→ Task directions: Output only the stretch of the listing that starts at the line containing "Cry Babies Jassy" and ends at the line containing "NPKDOLL детская одежда", reproduced exactly with both ends.

..........

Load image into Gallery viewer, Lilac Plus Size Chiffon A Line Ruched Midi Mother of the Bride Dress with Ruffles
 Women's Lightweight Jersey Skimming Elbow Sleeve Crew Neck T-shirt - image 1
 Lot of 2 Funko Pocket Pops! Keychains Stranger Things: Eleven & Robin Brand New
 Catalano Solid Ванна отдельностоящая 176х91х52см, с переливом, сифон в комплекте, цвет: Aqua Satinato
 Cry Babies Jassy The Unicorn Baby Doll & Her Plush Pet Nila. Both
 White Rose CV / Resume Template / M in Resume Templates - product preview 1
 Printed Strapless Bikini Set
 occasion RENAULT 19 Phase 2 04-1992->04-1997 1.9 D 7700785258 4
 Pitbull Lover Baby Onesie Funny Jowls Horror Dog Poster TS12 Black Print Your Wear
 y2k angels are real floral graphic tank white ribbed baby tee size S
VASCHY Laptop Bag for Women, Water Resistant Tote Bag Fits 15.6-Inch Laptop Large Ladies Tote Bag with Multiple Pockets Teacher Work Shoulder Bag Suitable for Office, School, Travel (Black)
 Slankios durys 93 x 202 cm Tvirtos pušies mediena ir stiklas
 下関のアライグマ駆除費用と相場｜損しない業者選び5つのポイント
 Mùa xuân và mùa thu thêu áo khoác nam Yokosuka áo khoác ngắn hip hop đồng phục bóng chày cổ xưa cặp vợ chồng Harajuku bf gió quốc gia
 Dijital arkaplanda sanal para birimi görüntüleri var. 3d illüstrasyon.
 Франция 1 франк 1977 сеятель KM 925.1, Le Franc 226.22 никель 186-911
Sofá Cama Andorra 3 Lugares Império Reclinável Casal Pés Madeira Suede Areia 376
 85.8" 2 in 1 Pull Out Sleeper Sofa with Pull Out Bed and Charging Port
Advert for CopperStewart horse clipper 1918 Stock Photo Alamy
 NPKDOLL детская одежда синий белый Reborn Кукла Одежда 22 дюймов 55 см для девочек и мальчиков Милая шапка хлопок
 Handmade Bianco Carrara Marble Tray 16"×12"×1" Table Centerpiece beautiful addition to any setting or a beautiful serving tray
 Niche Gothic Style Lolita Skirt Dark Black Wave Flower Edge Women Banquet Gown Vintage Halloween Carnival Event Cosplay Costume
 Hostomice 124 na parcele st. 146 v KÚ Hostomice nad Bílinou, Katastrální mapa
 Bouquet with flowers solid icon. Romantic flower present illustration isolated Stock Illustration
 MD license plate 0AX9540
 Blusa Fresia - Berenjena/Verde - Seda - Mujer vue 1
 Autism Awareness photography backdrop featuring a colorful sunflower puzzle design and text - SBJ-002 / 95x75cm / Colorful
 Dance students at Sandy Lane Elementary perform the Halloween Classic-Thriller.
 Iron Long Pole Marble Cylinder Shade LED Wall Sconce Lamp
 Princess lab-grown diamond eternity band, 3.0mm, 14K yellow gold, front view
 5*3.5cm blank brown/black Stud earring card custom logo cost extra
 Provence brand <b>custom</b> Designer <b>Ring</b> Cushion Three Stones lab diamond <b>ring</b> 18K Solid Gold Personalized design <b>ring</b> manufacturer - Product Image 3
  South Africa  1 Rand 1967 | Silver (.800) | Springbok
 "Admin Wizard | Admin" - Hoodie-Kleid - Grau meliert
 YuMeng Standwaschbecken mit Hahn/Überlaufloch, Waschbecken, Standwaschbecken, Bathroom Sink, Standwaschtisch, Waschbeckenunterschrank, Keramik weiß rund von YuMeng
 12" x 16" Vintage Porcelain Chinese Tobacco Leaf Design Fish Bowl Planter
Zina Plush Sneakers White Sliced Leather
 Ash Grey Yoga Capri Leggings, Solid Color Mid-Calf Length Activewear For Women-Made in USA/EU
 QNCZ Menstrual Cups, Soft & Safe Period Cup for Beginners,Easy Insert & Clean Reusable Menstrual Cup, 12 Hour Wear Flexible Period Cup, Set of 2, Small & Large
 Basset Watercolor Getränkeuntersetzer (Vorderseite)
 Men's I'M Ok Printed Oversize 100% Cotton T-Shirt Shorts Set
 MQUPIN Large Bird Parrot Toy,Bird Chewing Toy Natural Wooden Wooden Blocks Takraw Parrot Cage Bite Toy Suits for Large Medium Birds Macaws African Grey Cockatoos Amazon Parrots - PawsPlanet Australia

..........

→ Reply to the task:
 Cry Babies Jassy The Unicorn Baby Doll & Her Plush Pet Nila. Both
 White Rose CV / Resume Template / M in Resume Templates - product preview 1
 Printed Strapless Bikini Set
 occasion RENAULT 19 Phase 2 04-1992->04-1997 1.9 D 7700785258 4
 Pitbull Lover Baby Onesie Funny Jowls Horror Dog Poster TS12 Black Print Your Wear
 y2k angels are real floral graphic tank white ribbed baby tee size S
VASCHY Laptop Bag for Women, Water Resistant Tote Bag Fits 15.6-Inch Laptop Large Ladies Tote Bag with Multiple Pockets Teacher Work Shoulder Bag Suitable for Office, School, Travel (Black)
 Slankios durys 93 x 202 cm Tvirtos pušies mediena ir stiklas
 下関のアライグマ駆除費用と相場｜損しない業者選び5つのポイント
 Mùa xuân và mùa thu thêu áo khoác nam Yokosuka áo khoác ngắn hip hop đồng phục bóng chày cổ xưa cặp vợ chồng Harajuku bf gió quốc gia
 Dijital arkaplanda sanal para birimi görüntüleri var. 3d illüstrasyon.
 Франция 1 франк 1977 сеятель KM 925.1, Le Franc 226.22 никель 186-911
Sofá Cama Andorra 3 Lugares Império Reclinável Casal Pés Madeira Suede Areia 376
 85.8" 2 in 1 Pull Out Sleeper Sofa with Pull Out Bed and Charging Port
Advert for CopperStewart horse clipper 1918 Stock Photo Alamy
 NPKDOLL детская одежда синий белый Reborn Кукла Одежда 22 дюймов 55 см для девочек и мальчиков Милая шапка хлопок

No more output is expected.